I’m still not sure what “pigs from a gun” or “yellow matter custard, dripping from a dead dog’s eye” means.
I’ve stopped trying to understand the meanings.
I just buckle up and enjoy the trip they take me on — a Magical Mystery Tour back to my youth and a time when my biggest worries were catching fireflies and eating Cap’n Crunch cereal.
I was introduced to the band before I actually knew who they were.
When I was about 8, my birthday cake had four figures placed on it. There was a drummer and three guitarists. Each one was about 2 inches tall.
I can see them now. The sky-blue suited figures, with black hair. They sat on a flat base, like the army men that were popular with my generation.
Those figures were the Beatles.
I wish I knew where those figures are now.
I would probably lend them to the library for their displays.
Being a fan of the boys, I turned on the 50th anniversary TV special Feb. 9.
And while not a fan of groups or individuals covering the Beatles, I was impressed with Paul and Ringo, the two remaining Beatles. The guys brought down the house, both individually and together.
The biggest surprise of the night for me was not knowing the two could still rock, it was what I learned about the ballad, “Let it Be.”
“When I find myself in times of trouble, Mother Mary comes to me, speaking words of wisdom, let it be...”
I always thought Paul was singing about the Virgin Mary. He was not.

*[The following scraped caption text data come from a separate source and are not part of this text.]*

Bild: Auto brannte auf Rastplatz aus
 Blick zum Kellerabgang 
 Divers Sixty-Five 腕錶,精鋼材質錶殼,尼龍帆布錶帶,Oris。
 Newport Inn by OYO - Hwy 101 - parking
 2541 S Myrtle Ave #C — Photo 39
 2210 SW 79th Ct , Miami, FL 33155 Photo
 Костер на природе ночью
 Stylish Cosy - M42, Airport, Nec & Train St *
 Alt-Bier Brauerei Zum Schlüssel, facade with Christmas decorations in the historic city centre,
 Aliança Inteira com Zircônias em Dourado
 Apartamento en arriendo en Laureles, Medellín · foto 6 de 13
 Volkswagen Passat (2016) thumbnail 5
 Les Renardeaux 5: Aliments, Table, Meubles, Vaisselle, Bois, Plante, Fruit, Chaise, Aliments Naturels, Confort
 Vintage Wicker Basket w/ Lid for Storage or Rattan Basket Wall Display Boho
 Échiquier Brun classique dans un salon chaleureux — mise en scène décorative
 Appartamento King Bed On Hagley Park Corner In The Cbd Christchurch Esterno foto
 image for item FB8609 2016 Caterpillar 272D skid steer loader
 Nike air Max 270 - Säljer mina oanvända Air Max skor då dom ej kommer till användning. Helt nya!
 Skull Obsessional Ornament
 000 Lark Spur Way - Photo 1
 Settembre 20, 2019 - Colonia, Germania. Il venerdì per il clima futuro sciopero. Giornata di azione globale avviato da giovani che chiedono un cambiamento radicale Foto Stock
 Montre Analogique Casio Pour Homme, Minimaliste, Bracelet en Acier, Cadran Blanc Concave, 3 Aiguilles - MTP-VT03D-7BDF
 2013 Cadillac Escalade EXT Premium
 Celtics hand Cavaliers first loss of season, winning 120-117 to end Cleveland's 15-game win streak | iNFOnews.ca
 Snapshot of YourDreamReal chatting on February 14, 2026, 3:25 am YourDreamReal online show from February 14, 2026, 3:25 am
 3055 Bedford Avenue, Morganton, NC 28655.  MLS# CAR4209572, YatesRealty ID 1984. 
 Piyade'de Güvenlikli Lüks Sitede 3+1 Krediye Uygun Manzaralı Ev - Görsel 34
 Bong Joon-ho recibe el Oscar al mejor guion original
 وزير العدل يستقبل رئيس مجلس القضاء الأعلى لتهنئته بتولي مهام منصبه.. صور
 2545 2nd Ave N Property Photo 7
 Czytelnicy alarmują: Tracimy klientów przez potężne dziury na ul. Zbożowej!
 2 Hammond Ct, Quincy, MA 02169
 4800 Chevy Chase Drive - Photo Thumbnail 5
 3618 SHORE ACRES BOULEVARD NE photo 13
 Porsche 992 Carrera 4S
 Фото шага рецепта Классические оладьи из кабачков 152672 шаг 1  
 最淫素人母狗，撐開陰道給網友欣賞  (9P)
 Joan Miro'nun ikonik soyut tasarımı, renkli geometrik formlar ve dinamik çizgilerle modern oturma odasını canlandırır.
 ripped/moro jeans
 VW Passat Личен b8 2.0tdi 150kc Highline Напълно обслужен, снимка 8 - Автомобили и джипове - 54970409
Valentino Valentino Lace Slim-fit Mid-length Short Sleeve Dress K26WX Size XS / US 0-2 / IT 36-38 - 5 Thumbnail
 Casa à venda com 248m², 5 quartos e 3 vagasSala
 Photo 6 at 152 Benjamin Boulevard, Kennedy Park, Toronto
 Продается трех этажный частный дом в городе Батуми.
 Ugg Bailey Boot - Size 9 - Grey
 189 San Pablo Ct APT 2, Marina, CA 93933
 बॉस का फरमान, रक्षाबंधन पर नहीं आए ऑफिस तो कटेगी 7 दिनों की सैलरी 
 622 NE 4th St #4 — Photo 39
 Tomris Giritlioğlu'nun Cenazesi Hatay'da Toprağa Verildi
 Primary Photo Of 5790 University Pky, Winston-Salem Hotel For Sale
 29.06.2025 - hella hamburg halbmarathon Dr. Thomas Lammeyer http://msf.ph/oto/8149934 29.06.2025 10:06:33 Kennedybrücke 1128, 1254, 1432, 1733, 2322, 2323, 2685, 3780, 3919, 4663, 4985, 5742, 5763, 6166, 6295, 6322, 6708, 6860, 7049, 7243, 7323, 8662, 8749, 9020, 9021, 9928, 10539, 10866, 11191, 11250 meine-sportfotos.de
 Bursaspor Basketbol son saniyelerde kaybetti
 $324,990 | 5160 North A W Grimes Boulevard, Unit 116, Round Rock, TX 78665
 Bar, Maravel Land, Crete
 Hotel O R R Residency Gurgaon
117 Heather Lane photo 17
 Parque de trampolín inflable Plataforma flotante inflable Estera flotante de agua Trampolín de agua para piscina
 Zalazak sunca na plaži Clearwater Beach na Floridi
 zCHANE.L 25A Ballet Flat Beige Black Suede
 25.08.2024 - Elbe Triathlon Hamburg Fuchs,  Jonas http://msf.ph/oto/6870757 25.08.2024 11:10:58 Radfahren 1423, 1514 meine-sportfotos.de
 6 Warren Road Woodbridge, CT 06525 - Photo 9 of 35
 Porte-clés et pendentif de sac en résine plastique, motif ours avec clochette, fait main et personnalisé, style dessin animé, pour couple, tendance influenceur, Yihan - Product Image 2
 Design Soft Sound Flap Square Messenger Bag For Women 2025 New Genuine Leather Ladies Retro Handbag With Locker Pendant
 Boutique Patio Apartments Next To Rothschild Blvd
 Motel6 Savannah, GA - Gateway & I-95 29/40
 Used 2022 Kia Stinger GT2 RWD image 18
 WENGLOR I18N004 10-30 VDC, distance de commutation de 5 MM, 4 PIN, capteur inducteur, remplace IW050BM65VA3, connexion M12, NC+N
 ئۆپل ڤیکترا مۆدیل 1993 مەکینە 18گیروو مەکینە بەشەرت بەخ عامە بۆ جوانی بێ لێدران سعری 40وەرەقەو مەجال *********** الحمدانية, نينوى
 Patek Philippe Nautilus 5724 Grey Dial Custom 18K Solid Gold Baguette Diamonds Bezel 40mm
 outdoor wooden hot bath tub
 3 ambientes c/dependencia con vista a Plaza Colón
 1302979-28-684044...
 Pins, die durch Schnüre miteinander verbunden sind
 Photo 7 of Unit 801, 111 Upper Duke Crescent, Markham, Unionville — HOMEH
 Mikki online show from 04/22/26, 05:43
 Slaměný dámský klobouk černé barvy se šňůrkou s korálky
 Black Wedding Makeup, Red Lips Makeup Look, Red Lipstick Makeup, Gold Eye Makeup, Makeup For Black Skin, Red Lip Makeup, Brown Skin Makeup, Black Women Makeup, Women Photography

During the show I found out Paul was singing about his mom, Mary, who had died. I felt a moment of triumph and was able to add a little extra piece to my Beatles bag of trivia.
However, there are a few pieces missing.
I wish someone would have explained to me the meaning of a “joo-joo eyeball” or “walrus gumboot.”
And, does anyone know if you can actually “get a tan from standing in the English rain?”
Maybe that will be explained during the 60th anniversary special?
I have a feeling that Paul, Ringo and their music are going to be around for a lot more anniversaries.